Exercise description: Return only the lines of the data below from the line with "Now, python_dict contains" up to and including the line with "Choose the folder", exactly as written, with the pictures omitted.

Data below:
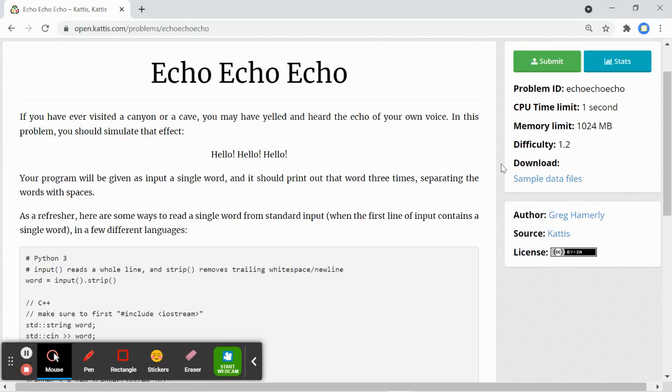Hey everyone, we'll be doing a Catus question named echo. Our program will be given as input a single word and it will be printed out three times with the words separated with spaces.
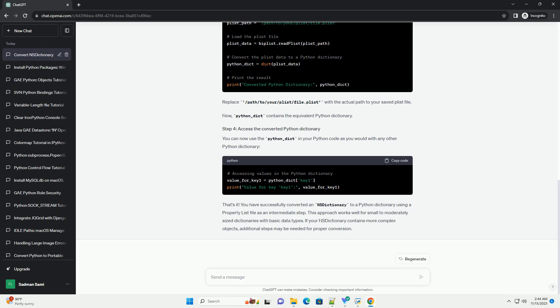Now, python_dict contains the equivalent Python dictionary. You can use python_dict in your Python code as you would with any other dictionary. That's it. You have successfully converted an NSDictionary to a Python dictionary using a property list file as an intermediate step. This approach works well for small to moderately sized dictionaries with basic data types. If your NSDictionary contains more complex objects, additional steps may be needed for proper conversion.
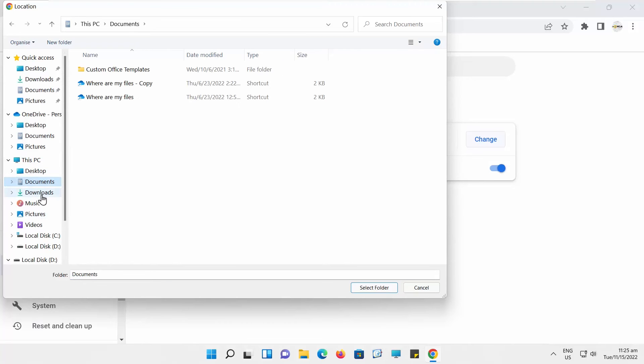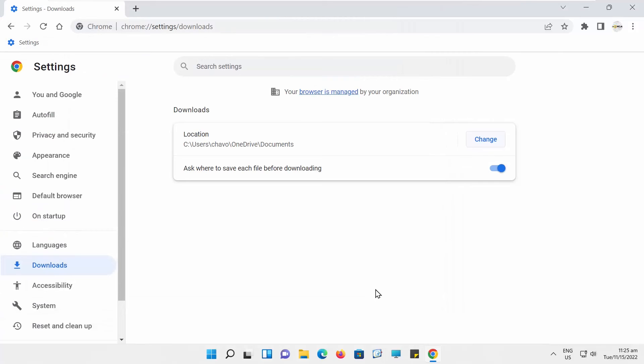Choose the folder that you want to use. Click on the Select folder. The Downloads location has been changed.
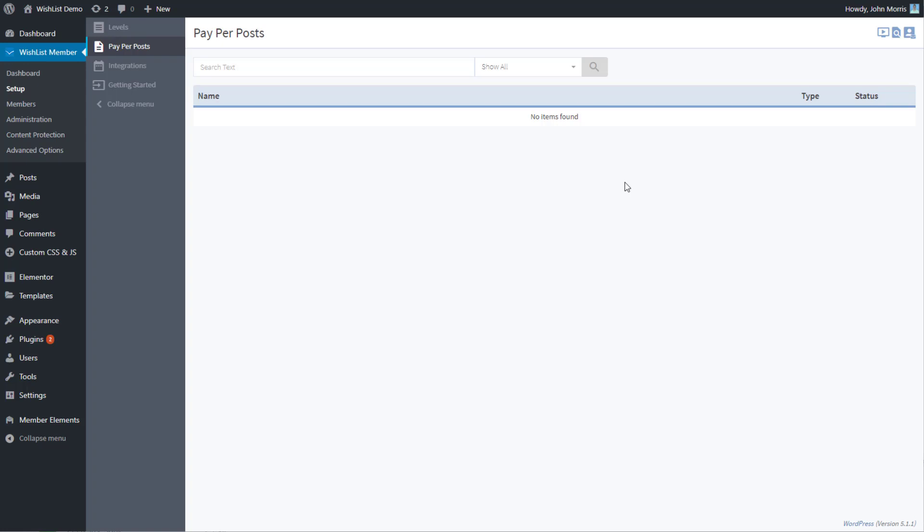Or maybe you have a product download setup where the downloads and everything for a particular product is all on one page or post. You can use this method for giving people access and selling those. You can still do the levels, but you can do this as well.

Answer section:
Now, python_dict contains the equivalent Python dictionary. You can use python_dict in your Python code as you would with any other dictionary. That's it. You have successfully converted an NSDictionary to a Python dictionary using a property list file as an intermediate step. This approach works well for small to moderately sized dictionaries with basic data types. If your NSDictionary contains more complex objects, additional steps may be needed for proper conversion.
Choose the folder that you want to use. Click on the Select folder. The Downloads location has been changed.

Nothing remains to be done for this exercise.